## Exercise goal:
From the entries below, transcribe exactly the lines between the line holding "Laila Ali 3-Piece" and the line holding "Plunkett's Almanac of", inclusive; skip all other lines.

## Caption-style text data:
───

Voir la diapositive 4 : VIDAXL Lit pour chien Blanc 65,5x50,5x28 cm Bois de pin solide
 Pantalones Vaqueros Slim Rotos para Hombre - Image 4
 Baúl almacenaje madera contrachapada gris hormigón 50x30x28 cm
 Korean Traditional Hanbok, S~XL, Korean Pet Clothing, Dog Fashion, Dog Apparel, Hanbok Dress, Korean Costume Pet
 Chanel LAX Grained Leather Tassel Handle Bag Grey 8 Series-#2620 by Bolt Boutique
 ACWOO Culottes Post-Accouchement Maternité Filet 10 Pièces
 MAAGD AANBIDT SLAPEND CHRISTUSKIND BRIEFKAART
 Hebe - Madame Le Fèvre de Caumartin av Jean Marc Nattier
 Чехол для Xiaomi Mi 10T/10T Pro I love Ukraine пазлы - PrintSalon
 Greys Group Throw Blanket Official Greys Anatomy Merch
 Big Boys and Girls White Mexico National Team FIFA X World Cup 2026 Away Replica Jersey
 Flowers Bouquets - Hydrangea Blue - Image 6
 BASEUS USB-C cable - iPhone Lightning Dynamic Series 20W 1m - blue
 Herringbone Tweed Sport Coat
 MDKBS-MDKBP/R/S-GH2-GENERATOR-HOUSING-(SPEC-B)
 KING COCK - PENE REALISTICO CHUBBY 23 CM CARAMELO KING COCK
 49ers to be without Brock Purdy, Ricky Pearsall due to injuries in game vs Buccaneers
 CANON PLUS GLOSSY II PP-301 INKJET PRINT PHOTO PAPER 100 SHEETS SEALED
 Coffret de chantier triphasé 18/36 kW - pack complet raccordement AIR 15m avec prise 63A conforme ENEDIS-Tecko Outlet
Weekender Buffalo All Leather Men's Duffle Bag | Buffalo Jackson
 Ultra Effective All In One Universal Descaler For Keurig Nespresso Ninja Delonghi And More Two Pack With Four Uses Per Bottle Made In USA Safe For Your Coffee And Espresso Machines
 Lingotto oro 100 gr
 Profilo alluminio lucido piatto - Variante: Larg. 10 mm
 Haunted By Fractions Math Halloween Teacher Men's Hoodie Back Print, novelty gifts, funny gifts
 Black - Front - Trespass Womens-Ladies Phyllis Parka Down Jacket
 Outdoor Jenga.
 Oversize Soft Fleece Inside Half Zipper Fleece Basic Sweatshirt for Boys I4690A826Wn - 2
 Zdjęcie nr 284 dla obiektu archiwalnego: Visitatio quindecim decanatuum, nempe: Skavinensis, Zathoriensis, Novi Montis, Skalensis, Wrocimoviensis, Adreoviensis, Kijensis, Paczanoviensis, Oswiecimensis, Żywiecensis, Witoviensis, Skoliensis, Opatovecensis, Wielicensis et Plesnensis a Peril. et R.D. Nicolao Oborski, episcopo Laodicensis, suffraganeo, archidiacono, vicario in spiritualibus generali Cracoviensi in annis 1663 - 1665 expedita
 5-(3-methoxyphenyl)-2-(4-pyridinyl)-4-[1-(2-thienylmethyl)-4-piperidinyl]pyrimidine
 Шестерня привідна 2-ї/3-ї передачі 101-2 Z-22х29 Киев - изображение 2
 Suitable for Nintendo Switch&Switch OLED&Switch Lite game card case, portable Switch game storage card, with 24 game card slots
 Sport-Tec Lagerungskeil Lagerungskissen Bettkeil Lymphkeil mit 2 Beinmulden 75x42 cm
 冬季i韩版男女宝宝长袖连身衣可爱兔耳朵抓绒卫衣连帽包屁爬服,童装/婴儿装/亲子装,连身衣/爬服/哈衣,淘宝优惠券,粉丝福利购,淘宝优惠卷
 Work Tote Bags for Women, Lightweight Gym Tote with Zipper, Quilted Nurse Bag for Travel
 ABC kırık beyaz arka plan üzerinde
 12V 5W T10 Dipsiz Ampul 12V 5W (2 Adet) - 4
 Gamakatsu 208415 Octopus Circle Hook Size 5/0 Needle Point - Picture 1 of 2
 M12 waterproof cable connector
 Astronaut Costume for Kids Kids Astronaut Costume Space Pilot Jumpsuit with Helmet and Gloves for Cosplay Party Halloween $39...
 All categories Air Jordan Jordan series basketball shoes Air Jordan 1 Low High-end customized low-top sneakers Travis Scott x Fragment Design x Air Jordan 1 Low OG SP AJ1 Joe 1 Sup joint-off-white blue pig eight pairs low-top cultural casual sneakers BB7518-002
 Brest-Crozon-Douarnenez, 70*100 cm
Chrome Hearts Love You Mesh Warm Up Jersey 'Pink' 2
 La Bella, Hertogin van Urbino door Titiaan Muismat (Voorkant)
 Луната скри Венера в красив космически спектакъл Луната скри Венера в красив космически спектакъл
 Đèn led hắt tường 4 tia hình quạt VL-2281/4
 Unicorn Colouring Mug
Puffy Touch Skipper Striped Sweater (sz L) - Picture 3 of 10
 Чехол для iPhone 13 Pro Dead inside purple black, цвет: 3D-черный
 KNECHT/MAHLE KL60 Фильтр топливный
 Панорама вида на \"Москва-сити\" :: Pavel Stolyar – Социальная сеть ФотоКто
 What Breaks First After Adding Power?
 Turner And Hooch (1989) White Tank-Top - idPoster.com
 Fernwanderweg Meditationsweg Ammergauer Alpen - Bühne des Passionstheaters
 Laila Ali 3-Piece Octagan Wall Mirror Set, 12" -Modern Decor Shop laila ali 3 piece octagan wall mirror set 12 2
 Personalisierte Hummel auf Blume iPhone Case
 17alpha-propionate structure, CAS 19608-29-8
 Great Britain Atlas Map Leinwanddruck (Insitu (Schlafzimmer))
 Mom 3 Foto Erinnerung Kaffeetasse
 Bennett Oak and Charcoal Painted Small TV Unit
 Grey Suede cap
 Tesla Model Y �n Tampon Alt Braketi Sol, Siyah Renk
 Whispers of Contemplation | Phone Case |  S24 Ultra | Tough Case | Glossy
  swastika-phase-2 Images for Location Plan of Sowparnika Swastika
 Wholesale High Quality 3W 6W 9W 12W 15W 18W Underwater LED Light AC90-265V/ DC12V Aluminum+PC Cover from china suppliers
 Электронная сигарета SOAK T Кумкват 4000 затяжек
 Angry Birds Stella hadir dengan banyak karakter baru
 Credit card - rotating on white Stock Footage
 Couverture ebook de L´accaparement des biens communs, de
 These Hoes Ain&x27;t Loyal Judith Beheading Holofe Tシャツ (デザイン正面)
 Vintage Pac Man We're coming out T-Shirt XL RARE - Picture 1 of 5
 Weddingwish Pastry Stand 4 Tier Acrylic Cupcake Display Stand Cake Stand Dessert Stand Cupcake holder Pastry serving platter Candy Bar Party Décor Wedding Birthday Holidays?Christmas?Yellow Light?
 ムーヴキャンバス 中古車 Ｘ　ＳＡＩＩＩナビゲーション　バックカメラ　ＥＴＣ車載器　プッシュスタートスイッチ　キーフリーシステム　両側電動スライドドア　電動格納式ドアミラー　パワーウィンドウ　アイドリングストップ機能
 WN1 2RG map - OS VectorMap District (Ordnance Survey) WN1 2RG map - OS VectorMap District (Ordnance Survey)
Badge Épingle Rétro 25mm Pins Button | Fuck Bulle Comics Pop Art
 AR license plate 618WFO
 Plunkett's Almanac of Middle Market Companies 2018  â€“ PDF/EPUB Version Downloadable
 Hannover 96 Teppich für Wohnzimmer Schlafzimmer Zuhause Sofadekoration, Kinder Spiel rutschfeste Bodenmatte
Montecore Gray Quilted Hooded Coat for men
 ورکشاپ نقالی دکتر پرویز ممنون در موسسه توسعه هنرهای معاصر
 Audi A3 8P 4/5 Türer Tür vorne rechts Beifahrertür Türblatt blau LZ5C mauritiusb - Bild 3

───

## Solved problem:
 Laila Ali 3-Piece Octagan Wall Mirror Set, 12" -Modern Decor Shop laila ali 3 piece octagan wall mirror set 12 2
 Personalisierte Hummel auf Blume iPhone Case
 17alpha-propionate structure, CAS 19608-29-8
 Great Britain Atlas Map Leinwanddruck (Insitu (Schlafzimmer))
 Mom 3 Foto Erinnerung Kaffeetasse
 Bennett Oak and Charcoal Painted Small TV Unit
 Grey Suede cap
 Tesla Model Y �n Tampon Alt Braketi Sol, Siyah Renk
 Whispers of Contemplation | Phone Case |  S24 Ultra | Tough Case | Glossy
  swastika-phase-2 Images for Location Plan of Sowparnika Swastika
 Wholesale High Quality 3W 6W 9W 12W 15W 18W Underwater LED Light AC90-265V/ DC12V Aluminum+PC Cover from china suppliers
 Электронная сигарета SOAK T Кумкват 4000 затяжек
 Angry Birds Stella hadir dengan banyak karakter baru
 Credit card - rotating on white Stock Footage
 Couverture ebook de L´accaparement des biens communs, de
 These Hoes Ain&x27;t Loyal Judith Beheading Holofe Tシャツ (デザイン正面)
 Vintage Pac Man We're coming out T-Shirt XL RARE - Picture 1 of 5
 Weddingwish Pastry Stand 4 Tier Acrylic Cupcake Display Stand Cake Stand Dessert Stand Cupcake holder Pastry serving platter Candy Bar Party Décor Wedding Birthday Holidays?Christmas?Yellow Light?
 ムーヴキャンバス 中古車 Ｘ　ＳＡＩＩＩナビゲーション　バックカメラ　ＥＴＣ車載器　プッシュスタートスイッチ　キーフリーシステム　両側電動スライドドア　電動格納式ドアミラー　パワーウィンドウ　アイドリングストップ機能
 WN1 2RG map - OS VectorMap District (Ordnance Survey) WN1 2RG map - OS VectorMap District (Ordnance Survey)
Badge Épingle Rétro 25mm Pins Button | Fuck Bulle Comics Pop Art
 AR license plate 618WFO
 Plunkett's Almanac of Middle Market Companies 2018  â€“ PDF/EPUB Version Downloadable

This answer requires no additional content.